## TASK INPUT
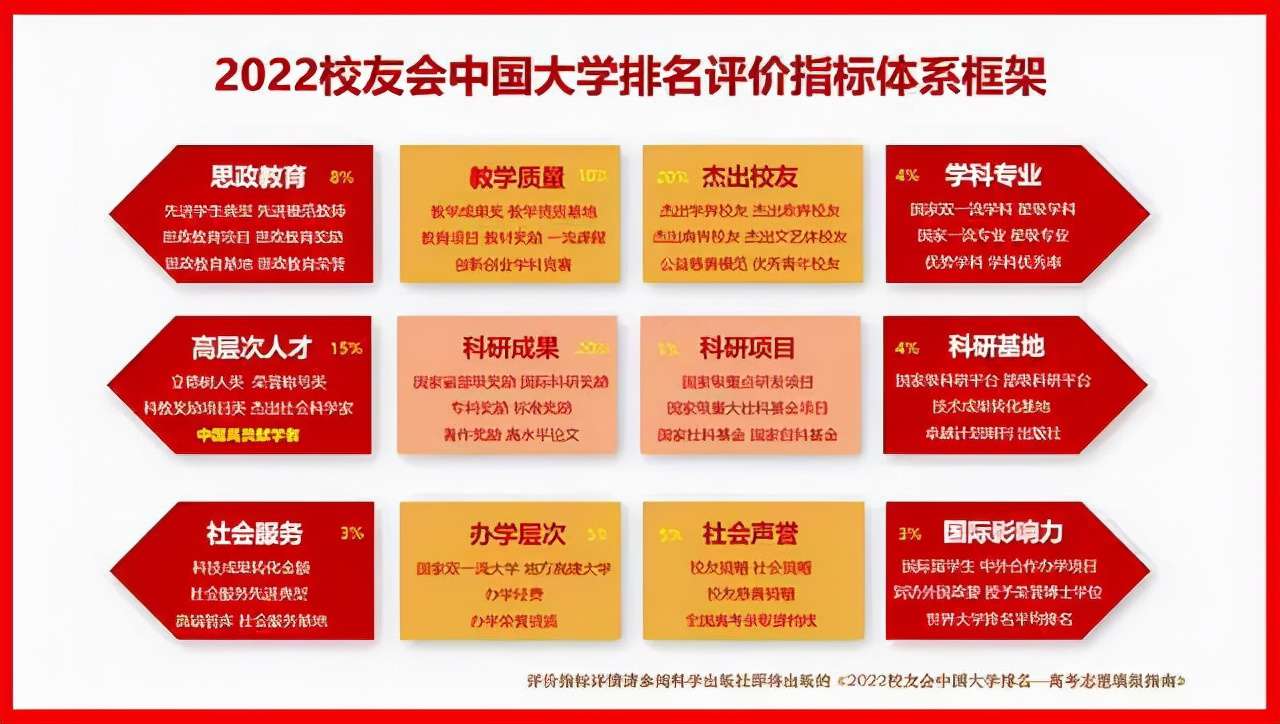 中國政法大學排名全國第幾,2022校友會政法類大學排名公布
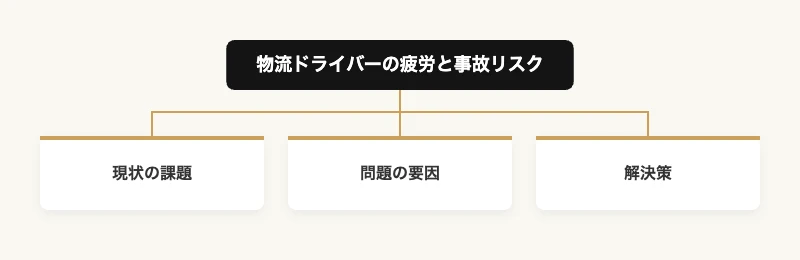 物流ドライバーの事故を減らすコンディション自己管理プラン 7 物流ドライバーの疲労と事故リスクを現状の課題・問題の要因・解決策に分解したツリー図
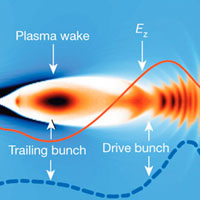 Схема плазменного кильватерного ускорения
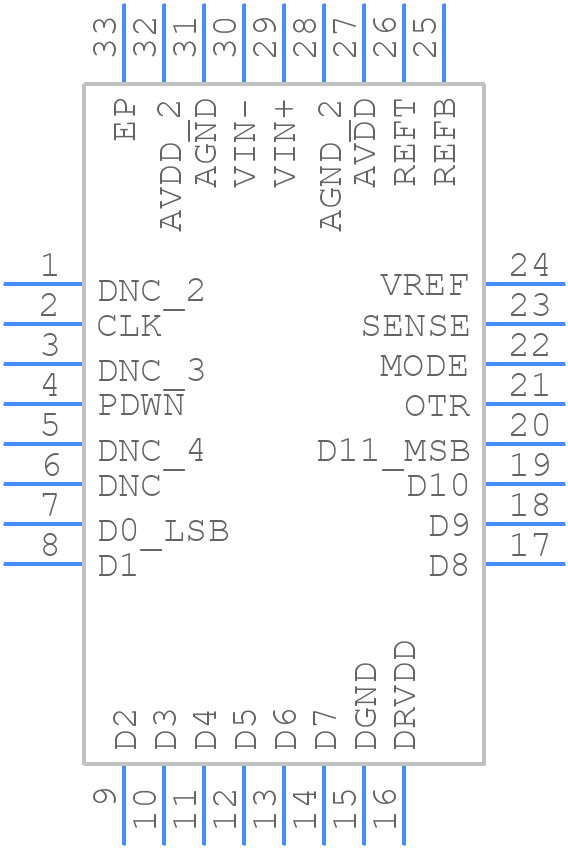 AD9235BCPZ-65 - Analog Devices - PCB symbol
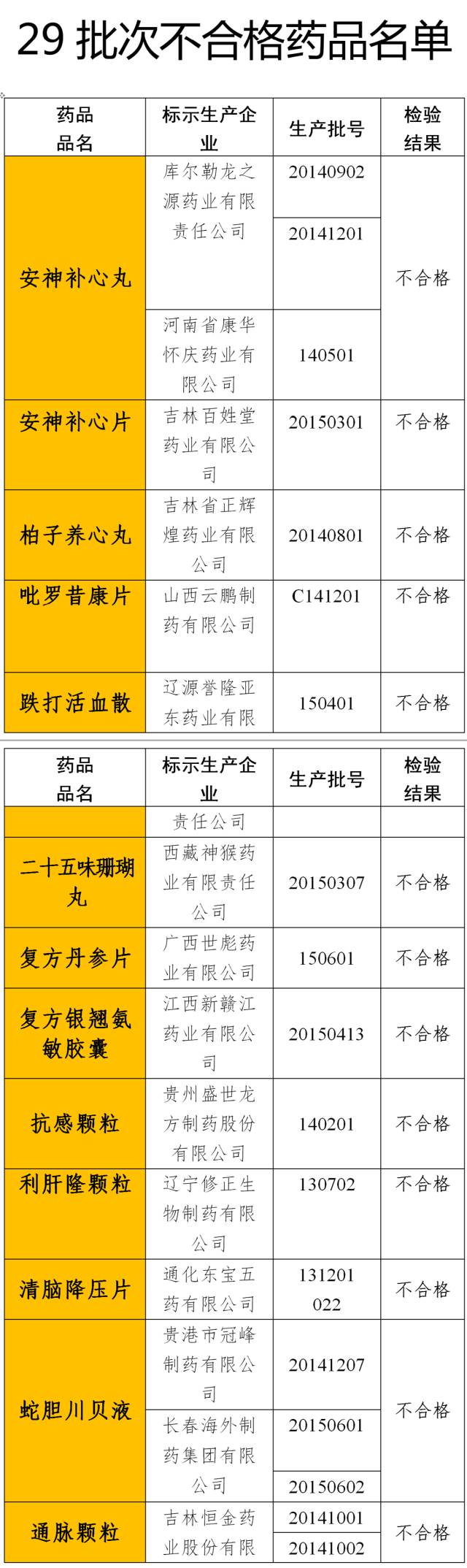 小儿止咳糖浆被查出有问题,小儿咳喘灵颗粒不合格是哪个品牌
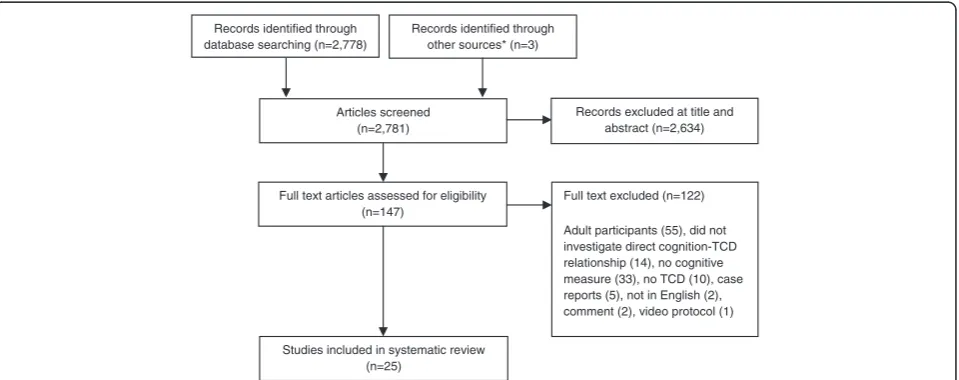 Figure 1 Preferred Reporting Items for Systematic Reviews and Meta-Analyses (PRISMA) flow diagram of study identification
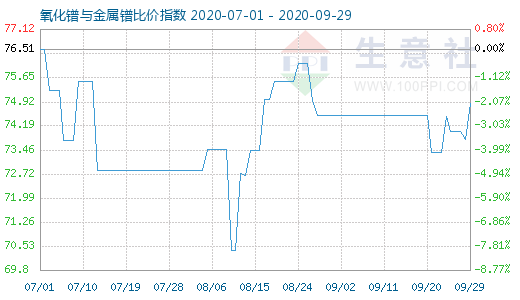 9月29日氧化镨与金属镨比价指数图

--

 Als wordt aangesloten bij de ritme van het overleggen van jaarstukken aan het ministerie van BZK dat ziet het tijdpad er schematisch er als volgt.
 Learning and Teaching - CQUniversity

## WORK TO BE COMPLETED
Your reply is to be an exact repeat of the listing above from the line holding "Figure 1 Preferred" down to the line holding "9月29日氧化镨与金属镨比价指数图", ends included, pictures excluded.

## TASK SOLUTION
 Figure 1 Preferred Reporting Items for Systematic Reviews and Meta-Analyses (PRISMA) flow diagram of study identification
 9月29日氧化镨与金属镨比价指数图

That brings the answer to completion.